BEGIN
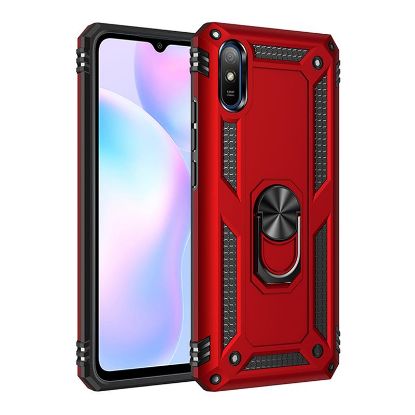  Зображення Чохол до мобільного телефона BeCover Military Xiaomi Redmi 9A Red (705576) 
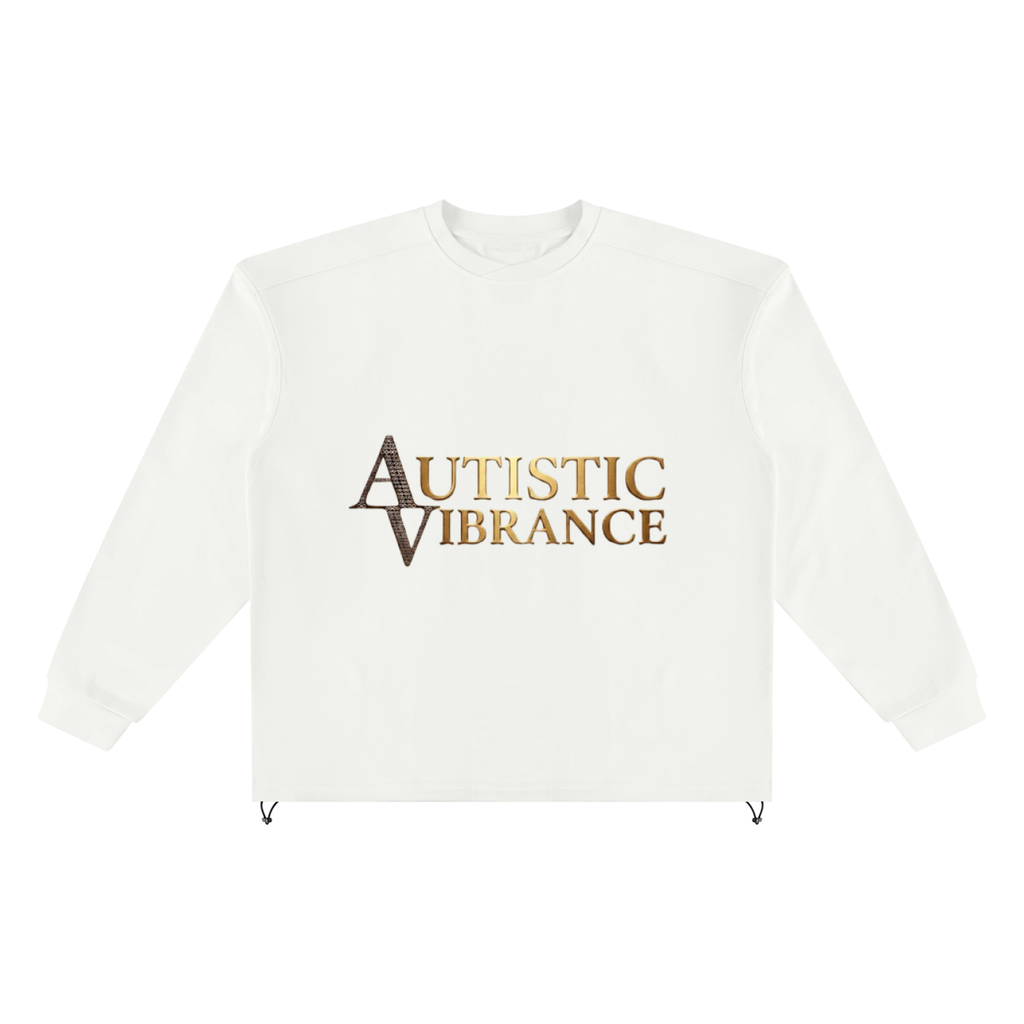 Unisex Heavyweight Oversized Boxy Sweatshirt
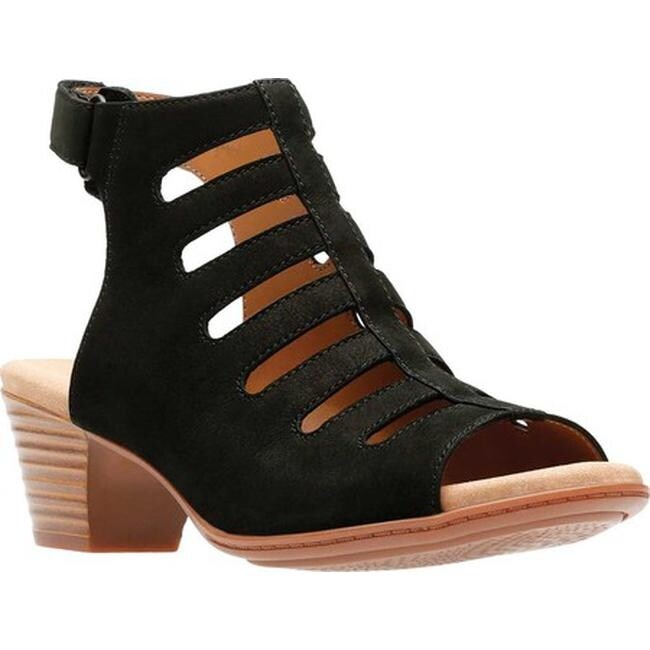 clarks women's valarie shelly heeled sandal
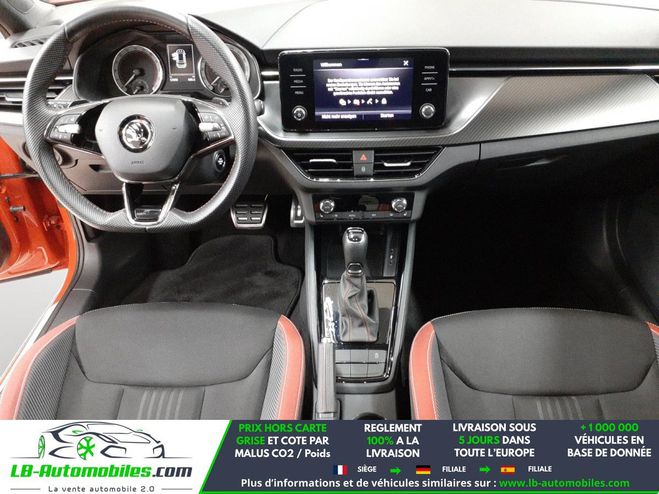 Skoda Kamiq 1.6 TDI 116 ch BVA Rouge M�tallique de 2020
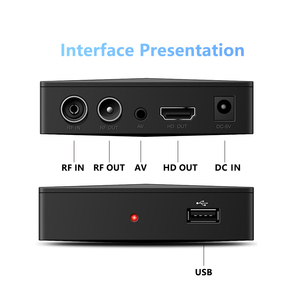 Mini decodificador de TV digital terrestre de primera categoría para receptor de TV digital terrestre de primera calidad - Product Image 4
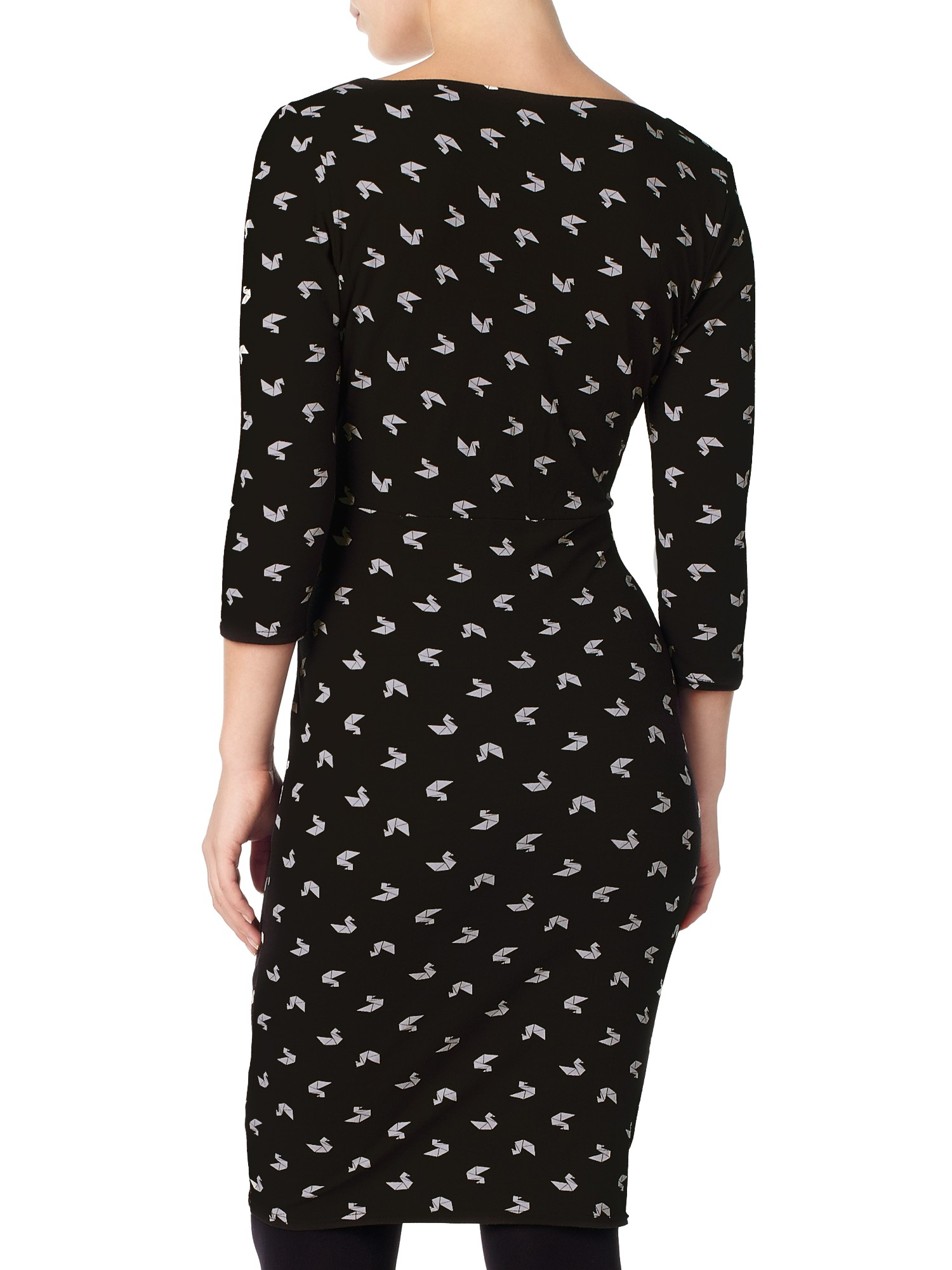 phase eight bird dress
END
Give every entry again verbatim, with no pictures.

  Зображення Чохол до мобільного телефона BeCover Military Xiaomi Redmi 9A Red (705576) 
 Unisex Heavyweight Oversized Boxy Sweatshirt
 clarks women's valarie shelly heeled sandal
 Skoda Kamiq 1.6 TDI 116 ch BVA Rouge M�tallique de 2020
 Mini decodificador de TV digital terrestre de primera categoría para receptor de TV digital terrestre de primera calidad - Product Image 4
 phase eight bird dress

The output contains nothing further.